AVAILABLE DATA>

>>

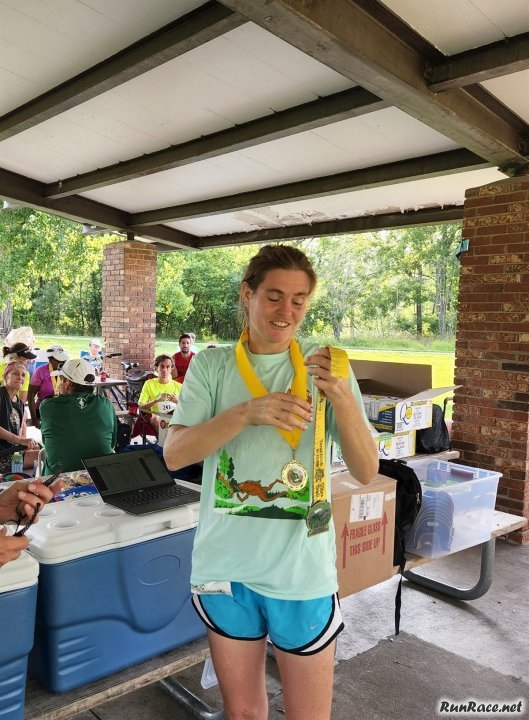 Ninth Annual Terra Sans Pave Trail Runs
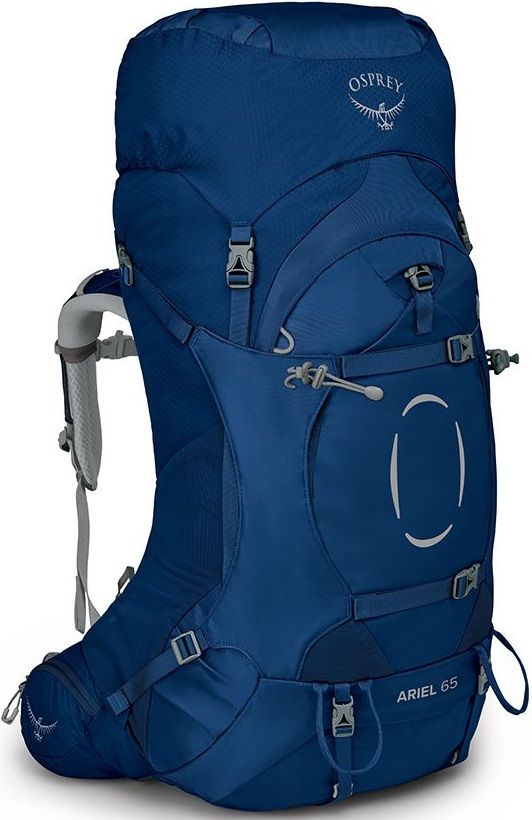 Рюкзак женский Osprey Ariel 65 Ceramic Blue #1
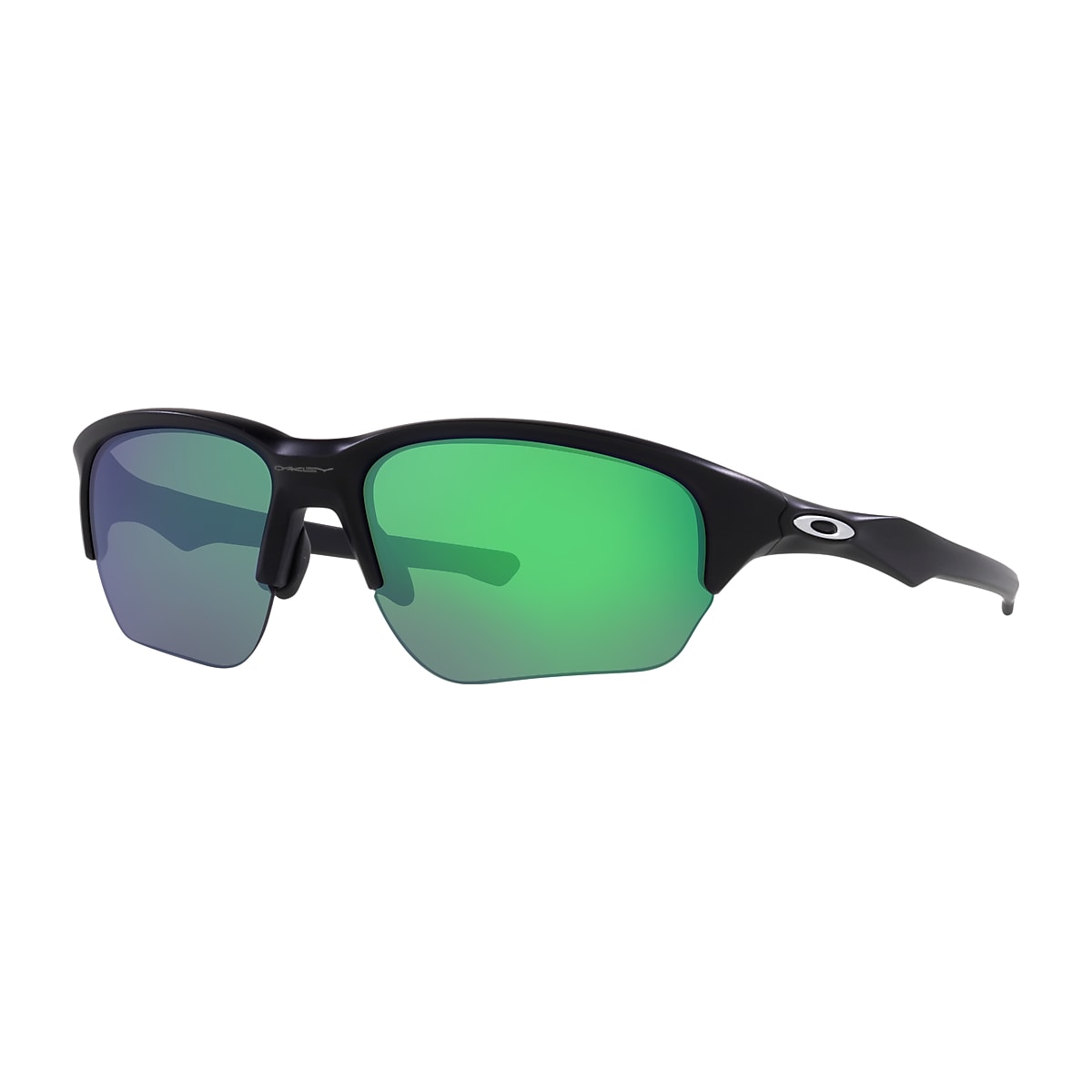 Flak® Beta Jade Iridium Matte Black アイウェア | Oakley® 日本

<<

TASK OBJECTIVE>
Write out the whole listing above exactly, minus images.

OUTPUT OF THE EXERCISE>
 Ninth Annual Terra Sans Pave Trail Runs
 Рюкзак женский Osprey Ariel 65 Ceramic Blue #1
 Flak® Beta Jade Iridium Matte Black アイウェア | Oakley® 日本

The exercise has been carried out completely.